Worst Happy Ending

You neglected to mention that Grodin **dumps his new bride **(who was actually pretty hot!) while they’re on their honeymoon so he can spend the rest of the movie stalking Cybill Shepherd!

Exhibit A: The Great Drop Game

Exhibit B: Queenie Peavey

Representing an entire genre of tales about tomboys that show them taking on the world and beating the boys on their own terms, only to conclude with the main character deciding at the end to embrace her inner femme and start acting with ladylike decorum and to put aside all those boyish mannerisms and habits. :rolleyes:

None of them by themselves would have been so bad, it’s just that this trajectory was common enough that I came to regard it as a cliche.

Snowpiercer: the train crashes and the two young children are the only survivors, and they crawl out into a world where everything living thing has died. But wait! There’s a polar bear on a nearby hill, a sign that life can and does survive. The children have hope!

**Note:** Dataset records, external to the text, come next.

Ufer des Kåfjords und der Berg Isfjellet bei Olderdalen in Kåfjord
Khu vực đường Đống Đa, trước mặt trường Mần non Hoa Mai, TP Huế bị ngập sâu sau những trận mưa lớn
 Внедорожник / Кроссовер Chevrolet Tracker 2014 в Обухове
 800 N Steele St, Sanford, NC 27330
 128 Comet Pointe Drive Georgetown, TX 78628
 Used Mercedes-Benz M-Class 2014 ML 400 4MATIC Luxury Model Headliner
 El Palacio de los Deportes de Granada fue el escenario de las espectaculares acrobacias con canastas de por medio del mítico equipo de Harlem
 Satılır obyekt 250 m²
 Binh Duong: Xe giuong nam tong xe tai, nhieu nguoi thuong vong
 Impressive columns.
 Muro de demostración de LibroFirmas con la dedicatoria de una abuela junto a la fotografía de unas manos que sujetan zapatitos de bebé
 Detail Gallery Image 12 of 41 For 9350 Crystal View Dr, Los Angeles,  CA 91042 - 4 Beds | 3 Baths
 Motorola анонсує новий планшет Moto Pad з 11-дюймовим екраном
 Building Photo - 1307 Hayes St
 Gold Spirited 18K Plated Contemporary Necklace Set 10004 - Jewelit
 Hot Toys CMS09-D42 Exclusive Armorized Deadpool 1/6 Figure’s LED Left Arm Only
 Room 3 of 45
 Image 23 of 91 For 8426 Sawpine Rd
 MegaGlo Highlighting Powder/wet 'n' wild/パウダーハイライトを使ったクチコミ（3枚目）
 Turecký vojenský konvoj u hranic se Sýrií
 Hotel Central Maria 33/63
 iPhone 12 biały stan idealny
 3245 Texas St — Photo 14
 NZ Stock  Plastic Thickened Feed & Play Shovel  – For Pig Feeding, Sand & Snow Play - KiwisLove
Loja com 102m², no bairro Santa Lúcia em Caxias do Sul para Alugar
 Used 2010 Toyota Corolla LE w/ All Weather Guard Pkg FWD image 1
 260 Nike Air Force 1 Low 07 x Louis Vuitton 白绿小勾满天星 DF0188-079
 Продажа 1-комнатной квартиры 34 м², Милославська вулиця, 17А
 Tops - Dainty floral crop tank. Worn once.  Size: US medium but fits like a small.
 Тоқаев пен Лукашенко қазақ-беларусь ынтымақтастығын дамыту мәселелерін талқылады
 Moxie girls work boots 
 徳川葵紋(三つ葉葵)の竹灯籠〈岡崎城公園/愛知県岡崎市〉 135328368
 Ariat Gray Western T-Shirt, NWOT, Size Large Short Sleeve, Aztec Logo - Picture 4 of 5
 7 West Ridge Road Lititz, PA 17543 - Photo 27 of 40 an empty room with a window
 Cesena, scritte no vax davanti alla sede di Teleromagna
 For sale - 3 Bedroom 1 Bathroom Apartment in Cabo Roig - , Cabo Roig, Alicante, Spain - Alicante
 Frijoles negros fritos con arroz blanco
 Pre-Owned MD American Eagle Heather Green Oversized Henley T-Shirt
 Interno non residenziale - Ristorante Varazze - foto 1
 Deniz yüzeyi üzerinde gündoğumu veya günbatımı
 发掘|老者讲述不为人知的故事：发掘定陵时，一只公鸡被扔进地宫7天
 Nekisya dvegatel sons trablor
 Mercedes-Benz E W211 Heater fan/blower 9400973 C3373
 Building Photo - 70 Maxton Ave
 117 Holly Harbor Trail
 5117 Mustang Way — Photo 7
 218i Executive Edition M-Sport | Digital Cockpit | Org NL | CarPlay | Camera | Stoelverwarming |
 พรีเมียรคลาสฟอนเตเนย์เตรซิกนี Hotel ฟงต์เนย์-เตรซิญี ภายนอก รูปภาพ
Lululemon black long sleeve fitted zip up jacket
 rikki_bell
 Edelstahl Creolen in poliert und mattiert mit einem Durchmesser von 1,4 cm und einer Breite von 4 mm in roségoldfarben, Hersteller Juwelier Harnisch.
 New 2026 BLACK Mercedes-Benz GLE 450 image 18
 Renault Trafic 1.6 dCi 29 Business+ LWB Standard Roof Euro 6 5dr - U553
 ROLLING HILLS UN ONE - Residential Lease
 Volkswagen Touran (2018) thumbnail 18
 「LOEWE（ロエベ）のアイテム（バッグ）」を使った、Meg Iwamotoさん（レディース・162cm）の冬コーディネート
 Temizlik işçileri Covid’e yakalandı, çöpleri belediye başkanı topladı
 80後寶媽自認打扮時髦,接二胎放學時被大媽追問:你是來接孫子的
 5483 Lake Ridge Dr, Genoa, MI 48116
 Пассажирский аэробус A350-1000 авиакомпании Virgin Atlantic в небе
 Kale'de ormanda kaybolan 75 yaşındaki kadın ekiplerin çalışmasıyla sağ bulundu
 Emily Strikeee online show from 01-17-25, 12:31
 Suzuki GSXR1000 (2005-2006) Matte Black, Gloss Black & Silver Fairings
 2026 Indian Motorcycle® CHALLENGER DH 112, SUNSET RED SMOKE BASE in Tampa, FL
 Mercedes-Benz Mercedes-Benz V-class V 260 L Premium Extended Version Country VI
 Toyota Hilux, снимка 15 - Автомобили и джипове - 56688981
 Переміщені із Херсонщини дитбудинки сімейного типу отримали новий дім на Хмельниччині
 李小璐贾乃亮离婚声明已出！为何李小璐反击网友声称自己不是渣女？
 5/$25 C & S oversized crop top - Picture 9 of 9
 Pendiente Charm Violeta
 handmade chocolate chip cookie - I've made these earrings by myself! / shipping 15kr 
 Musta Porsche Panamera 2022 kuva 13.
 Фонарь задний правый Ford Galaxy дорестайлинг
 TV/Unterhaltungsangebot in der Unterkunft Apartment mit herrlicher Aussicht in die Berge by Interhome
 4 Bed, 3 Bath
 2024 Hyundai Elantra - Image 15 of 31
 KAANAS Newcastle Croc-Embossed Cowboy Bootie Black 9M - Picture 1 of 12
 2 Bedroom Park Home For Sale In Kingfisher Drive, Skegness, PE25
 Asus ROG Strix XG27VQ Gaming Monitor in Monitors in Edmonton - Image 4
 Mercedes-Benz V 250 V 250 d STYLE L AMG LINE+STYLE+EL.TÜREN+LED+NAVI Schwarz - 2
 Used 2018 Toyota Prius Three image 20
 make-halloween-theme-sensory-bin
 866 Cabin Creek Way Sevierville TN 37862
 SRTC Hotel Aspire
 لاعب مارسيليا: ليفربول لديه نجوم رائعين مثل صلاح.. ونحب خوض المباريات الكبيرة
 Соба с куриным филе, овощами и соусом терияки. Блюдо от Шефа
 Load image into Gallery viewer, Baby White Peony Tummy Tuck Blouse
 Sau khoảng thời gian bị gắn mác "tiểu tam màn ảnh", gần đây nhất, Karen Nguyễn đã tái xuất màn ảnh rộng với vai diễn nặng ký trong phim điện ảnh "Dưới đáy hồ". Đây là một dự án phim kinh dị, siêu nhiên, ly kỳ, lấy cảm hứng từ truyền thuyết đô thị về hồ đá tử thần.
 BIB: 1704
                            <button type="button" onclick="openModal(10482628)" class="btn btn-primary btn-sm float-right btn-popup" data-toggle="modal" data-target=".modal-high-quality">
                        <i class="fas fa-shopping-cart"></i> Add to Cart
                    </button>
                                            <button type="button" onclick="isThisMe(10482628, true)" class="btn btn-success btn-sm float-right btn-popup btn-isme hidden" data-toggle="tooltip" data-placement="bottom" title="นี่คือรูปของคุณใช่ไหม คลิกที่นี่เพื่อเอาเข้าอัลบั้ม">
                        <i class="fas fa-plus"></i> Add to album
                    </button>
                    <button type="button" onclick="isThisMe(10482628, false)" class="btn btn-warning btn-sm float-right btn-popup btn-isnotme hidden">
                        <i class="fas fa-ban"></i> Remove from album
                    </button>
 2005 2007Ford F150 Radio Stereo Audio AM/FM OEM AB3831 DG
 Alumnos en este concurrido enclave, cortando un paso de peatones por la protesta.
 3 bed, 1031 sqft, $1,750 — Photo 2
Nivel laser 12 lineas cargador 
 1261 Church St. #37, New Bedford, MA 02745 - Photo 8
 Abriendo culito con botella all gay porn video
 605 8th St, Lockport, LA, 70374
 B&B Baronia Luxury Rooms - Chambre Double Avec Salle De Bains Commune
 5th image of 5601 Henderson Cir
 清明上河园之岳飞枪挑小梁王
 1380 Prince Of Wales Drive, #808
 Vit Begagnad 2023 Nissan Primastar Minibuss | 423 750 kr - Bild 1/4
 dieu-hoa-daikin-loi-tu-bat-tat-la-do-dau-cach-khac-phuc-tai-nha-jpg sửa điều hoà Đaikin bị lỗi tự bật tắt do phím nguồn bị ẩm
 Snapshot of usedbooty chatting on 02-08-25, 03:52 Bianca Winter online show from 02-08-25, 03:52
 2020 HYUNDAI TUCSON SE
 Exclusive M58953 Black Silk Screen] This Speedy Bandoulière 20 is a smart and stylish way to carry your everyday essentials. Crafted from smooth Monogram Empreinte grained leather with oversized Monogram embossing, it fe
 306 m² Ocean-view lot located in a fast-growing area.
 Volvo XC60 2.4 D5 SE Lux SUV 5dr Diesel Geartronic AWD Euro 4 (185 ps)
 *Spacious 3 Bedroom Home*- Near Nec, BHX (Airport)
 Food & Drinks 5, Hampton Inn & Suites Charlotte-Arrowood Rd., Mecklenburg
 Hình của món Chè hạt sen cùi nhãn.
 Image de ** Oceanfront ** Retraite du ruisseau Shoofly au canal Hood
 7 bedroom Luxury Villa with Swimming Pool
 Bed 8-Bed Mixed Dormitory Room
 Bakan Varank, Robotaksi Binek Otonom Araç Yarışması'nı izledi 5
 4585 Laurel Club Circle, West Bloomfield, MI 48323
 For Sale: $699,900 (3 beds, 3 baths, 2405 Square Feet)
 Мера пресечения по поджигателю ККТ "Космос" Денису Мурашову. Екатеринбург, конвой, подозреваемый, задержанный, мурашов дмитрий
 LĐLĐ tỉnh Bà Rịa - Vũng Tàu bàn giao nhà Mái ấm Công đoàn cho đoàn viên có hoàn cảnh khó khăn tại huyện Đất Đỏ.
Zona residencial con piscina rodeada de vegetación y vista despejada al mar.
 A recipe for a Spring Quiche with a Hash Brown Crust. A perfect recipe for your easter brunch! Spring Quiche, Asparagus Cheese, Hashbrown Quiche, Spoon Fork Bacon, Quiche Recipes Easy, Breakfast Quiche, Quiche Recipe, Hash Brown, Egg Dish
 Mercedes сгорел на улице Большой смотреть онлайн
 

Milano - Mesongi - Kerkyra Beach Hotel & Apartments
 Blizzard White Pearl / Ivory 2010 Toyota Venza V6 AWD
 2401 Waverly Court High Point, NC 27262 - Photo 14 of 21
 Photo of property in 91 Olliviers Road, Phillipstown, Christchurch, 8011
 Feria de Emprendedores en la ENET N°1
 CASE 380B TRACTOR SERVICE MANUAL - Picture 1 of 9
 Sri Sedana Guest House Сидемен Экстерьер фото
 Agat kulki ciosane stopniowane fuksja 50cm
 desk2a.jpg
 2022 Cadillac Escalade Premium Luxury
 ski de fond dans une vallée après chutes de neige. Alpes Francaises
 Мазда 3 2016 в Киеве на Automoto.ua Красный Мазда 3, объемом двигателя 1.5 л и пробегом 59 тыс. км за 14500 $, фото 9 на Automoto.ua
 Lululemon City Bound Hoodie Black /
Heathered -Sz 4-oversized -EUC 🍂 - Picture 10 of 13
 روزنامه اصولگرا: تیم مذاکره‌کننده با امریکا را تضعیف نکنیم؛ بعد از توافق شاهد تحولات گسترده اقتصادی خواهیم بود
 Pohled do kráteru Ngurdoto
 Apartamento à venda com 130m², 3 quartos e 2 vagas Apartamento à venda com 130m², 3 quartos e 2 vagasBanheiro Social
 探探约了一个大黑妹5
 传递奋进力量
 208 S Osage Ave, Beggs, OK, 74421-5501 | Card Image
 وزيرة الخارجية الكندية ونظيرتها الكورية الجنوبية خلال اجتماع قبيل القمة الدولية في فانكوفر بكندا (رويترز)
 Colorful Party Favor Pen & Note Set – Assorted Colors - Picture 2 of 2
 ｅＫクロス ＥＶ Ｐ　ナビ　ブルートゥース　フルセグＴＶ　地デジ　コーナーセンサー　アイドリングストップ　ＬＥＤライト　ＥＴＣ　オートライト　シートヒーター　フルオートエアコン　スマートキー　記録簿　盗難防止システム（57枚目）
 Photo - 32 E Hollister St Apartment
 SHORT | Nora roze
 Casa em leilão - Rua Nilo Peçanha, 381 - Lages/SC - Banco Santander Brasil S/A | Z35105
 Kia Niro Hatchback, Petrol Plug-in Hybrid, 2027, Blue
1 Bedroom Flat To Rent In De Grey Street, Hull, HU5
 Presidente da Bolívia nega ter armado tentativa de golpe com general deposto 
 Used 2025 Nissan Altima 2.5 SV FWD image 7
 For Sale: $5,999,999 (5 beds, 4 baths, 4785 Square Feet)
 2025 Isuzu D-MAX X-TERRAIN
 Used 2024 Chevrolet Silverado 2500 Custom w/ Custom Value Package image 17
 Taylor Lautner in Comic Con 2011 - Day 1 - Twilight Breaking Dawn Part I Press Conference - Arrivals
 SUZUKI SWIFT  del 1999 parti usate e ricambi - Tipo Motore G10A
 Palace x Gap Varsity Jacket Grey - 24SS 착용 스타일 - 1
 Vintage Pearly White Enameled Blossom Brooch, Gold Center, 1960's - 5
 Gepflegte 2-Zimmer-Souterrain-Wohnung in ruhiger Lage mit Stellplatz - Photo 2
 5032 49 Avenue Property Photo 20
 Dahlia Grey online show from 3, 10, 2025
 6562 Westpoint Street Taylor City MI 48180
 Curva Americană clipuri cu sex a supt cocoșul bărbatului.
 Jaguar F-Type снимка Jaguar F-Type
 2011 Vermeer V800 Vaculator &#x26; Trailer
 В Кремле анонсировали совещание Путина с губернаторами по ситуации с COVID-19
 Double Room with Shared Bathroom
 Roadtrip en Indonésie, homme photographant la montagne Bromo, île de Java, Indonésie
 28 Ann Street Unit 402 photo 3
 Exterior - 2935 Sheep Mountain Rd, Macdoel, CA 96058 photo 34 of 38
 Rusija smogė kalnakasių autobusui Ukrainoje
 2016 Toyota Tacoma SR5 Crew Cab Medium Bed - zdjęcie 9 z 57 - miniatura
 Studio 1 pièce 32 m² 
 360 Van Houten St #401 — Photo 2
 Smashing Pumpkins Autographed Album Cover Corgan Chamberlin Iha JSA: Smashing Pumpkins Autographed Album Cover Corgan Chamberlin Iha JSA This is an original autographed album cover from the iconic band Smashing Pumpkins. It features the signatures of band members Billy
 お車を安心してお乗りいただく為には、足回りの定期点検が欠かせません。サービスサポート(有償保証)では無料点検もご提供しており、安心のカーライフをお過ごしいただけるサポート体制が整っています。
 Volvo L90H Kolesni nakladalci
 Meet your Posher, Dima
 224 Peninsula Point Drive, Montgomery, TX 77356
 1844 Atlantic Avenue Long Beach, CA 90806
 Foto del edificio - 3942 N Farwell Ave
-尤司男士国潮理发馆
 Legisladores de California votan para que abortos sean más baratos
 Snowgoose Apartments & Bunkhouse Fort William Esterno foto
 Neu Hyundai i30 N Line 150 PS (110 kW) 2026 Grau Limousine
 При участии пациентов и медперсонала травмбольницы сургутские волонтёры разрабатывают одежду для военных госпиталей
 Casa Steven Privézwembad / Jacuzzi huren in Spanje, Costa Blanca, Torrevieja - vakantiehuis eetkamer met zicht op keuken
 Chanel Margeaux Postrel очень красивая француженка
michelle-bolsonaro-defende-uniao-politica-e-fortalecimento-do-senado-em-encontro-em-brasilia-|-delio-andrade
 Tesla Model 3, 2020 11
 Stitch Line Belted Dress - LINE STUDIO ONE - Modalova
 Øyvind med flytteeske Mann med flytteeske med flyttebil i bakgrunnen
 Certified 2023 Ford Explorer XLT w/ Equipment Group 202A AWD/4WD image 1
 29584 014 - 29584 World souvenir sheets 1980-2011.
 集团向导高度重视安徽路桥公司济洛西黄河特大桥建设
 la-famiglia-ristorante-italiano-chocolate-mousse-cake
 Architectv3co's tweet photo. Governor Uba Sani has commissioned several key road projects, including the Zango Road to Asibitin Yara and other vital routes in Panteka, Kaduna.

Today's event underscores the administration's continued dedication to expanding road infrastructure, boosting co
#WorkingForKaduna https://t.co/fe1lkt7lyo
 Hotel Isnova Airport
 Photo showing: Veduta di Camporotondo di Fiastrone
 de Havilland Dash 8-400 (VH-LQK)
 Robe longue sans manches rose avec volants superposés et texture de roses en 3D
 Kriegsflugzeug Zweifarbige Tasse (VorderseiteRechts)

Except these kids have no idea how to find food, build shelter, or have any survival skills at all. Which isn’t even important, because they have maybe 15 minutes before that alpha predator eats them.

And then Grease turns that on its head by having Sandy act like a 50s era slut to attract John Travolta, so it’s all good. :wink:

Weird, my worst one was right on the money.

That’s because Knives dodged a bullet. It was the happiest possible ending for HER.

Obvious spoiler alerts.

As Good as it Gets. OK, it’s the ending and Jack Nicholson and Helen Hunt are walking off into the sunset as an official couple.

Except you know that five minutes later he’s going to pull another asshole move that forces her to dump him.

The real ending should be that he tries to make himself a better man, for her, and he succeeds, but it’s not enough. He’s turned from an intolerable asshole with no redeeming qualities into an intolerable asshole with some redeeming qualities.

Thanks for falling on that grenade for me, or I would have not been able to resist the straight line just dangling there for so many posts.

I couldn’t get invested in Scott Pilgrim because everybody I was supposed to like as a character was a rubbish human being, except maybe Knives, and she was underage.

I couldn’t get invested in Scott Pilgrim because I just couldn’t suspend my disbelief for the more outlandish elements of the story. I mean, two gorgeous young women fighting over Michael Cera? Please. There’s only so much I’m willing to accept in a work of fantasy.

I seriously couldn’t believe it took that long (which is also what she said).

I mean you really must have not known what to do with Juno and Nick and Nora’s Infinite Playlist where Cera is geekily attractive to Ellen Page and Kat Dennings respectively. For whatever reason Cera in the late 00s was considered the archetype of male adorkableness.

Anyway I loved the movie as well as the graphic novels…

Yeah, test audiences are stupid. Ducky and Andie belonged together, and I will brook no argument against that pairing.

I won’t spoil the ending of Oldboy, but it’s happy in a distinctly unhappy way.

Not exsactly a “happy” ending but Fatal Attraction was supposed to end with Alex framing Dan to make her suicide look like murder. Audiences hated that ending, so it was changed to The Wronged Wife cleaning up the mess her husband created.

That’s nothing compared to the ending of How I Met Your Mother, which managed to piss off every faction of fandom for different reasons:

  1. They introduced a character in the last season who quickly (and probably accidentally) became beloved, then killed her off at the end
  2. Half the audience was rooting for Barney and Robin
  3. The other half was angry Barney and Robin had gotten married in the first place
  4. Ted’s continued pining over Robin was even worse than Ross’ mooning over Rachel, AND spit on the memory of the (probably accidentally) beloved mother, AND reset the entire show back to Episode 1.

A perfect ending to a great movie. Wasn’t supposed to be happy.

Oh, forgot, I thought it was well known enough… (I don’t know what the ‘new version’ is like, it sounded horrible.) I thought Cybill Shepherd’s character ‘did whatever her daddy told her’, and it seems she married the creep just to piss her father off? I sincerely hope that marriage failed hugely.

It should be said that the character of Duckie was apparently heavily based on Molly Ringwald’s life-long best friend( who was on set during shooting ),who is gay :). Ringwald’s opinion( for whatever it is worth ), is that the character of Duckie is gay as well.

Silver Linings Playbook.

Spoilers below.

We are supposed to be glad that the cute-but-both-crazy couple ends up together in the end. But considering that their problems will probably reinforce one another, I couldn’t help but think they will both be institutionalized or more likely dead within six months.

More on Silver Linings Playbook

All of Pat Sr.'s money troubles are over when he wins his bet on the dance contest. Except they’re not. He’s a gambling addict, and will turn right around and gamble it all away again.